Kemudian kembali saya menata ulang tentang apa yang menjadi tujuan saya dalam melakukan perantauan ini, apakah untuk beribadah pada Allah, untuk sekedar menuntut ilmu, untuk menantang dan mengukur kemandirian diri sendiri, atau hanya untuk mendapat simpati dari manusia lain? Begitu juga saat saya harus kembali pulang ke rumah, apakah tujuan kembalinya saya ke rumah karena menyerah terhadap berbagai ketakutan di tanah rantau, atau memang pulang ke rumah untuk menunaikan kewajiban ibadah lainnya.

Karena jika tujuan dalam berkegiatan apapun kembali saya utuhkan untuk tulus beribadah pada Allah, seharusnya saya bisa melepaskan berbagai prasangka yang selama ini mematikan tujuan ibadah ini dan berhenti mengkhawatirkan tentang hal-hal receh lainnya.

Just focus and keep istiqomah.

“Dan apabila hamba-hamba-Ku bertanya kepadamu (Muhammad) tentang Aku, maka sesungguhnya Aku dekat. Aku kabulkan permohonan orang yang berdoa apabila dia berdoa kepada-Ku. Hendaklah mereka itu memenuhi (perintah)-Ku dan beriman kepada-Ku, agar mereka memperoleh kebenaran” (QS. Al-Baqarah: 186)

Lalu, bagaimana pada akhirnya saya melepaskan semua prasangka buruk “tentang orang tua” dalam hati saya?

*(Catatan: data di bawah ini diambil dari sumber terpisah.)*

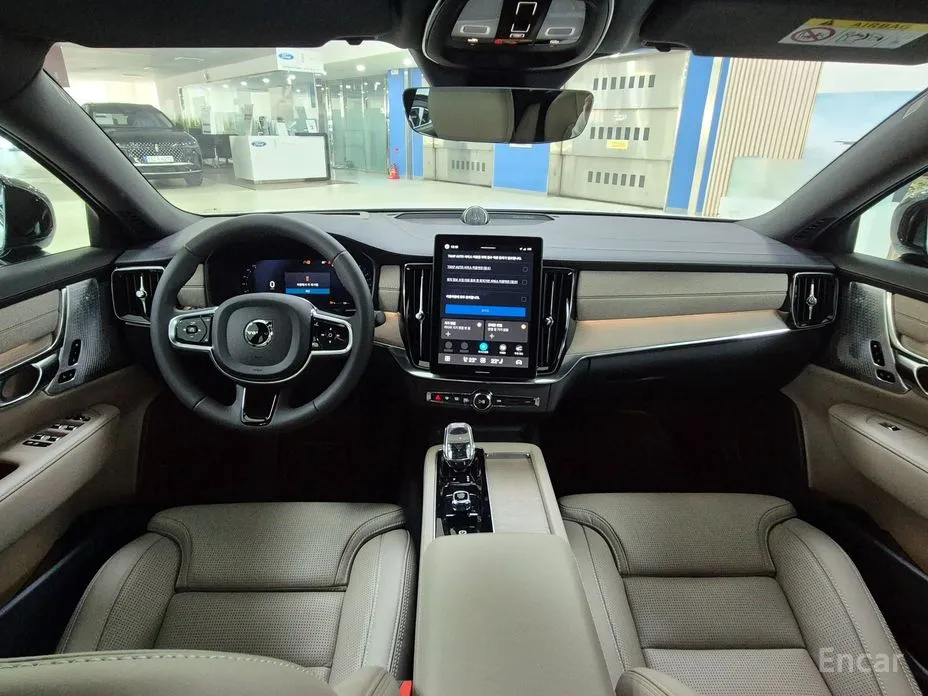 Volvo S90 2016 B5 Ultra Dark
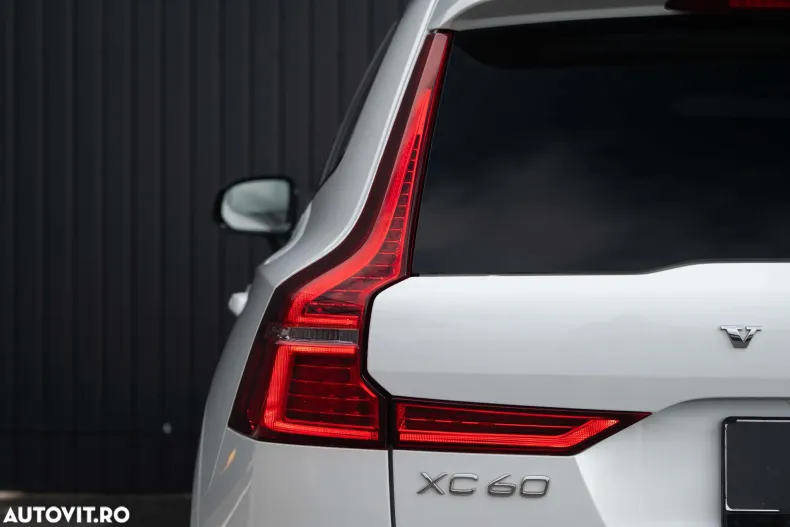 Volvo XC60 din 2023 cu 125.178 km - oferta VOL187013 - foto 12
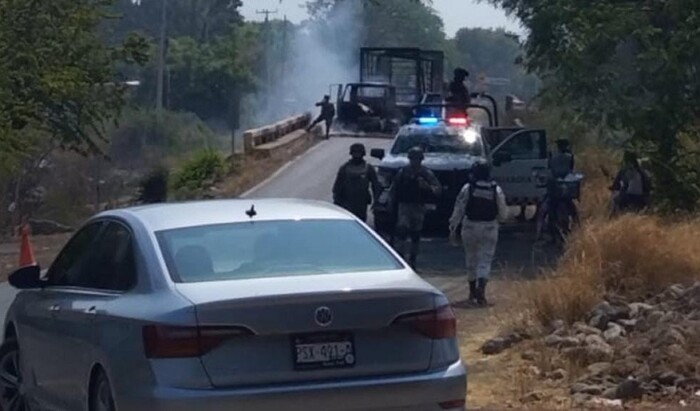 Persisten los bloqueos en Michoacán; fuerzas de seguridad realizan operativos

Allohummaghfirlii waliwaalidayya warham humaa kamaa robbayaanii shaghiiraa

Setiap saya merasa cemas, saya berdo’a pada Allah dan percaya bahwa tiada Dzat Yang Maha Melindungi kecuali Allah SWT. Untuk seluruh anak rantau yang sedang berjarak dengan orang tua, semoga Allah menjaga orang tua kita semua, keluarga kita semua, di mana pun mereka berada, dari segala marabahaya, dari segala pengaruh buruk, dari segala tindak kejahatan juga dari hawa nafsu di dalam diri kita semua.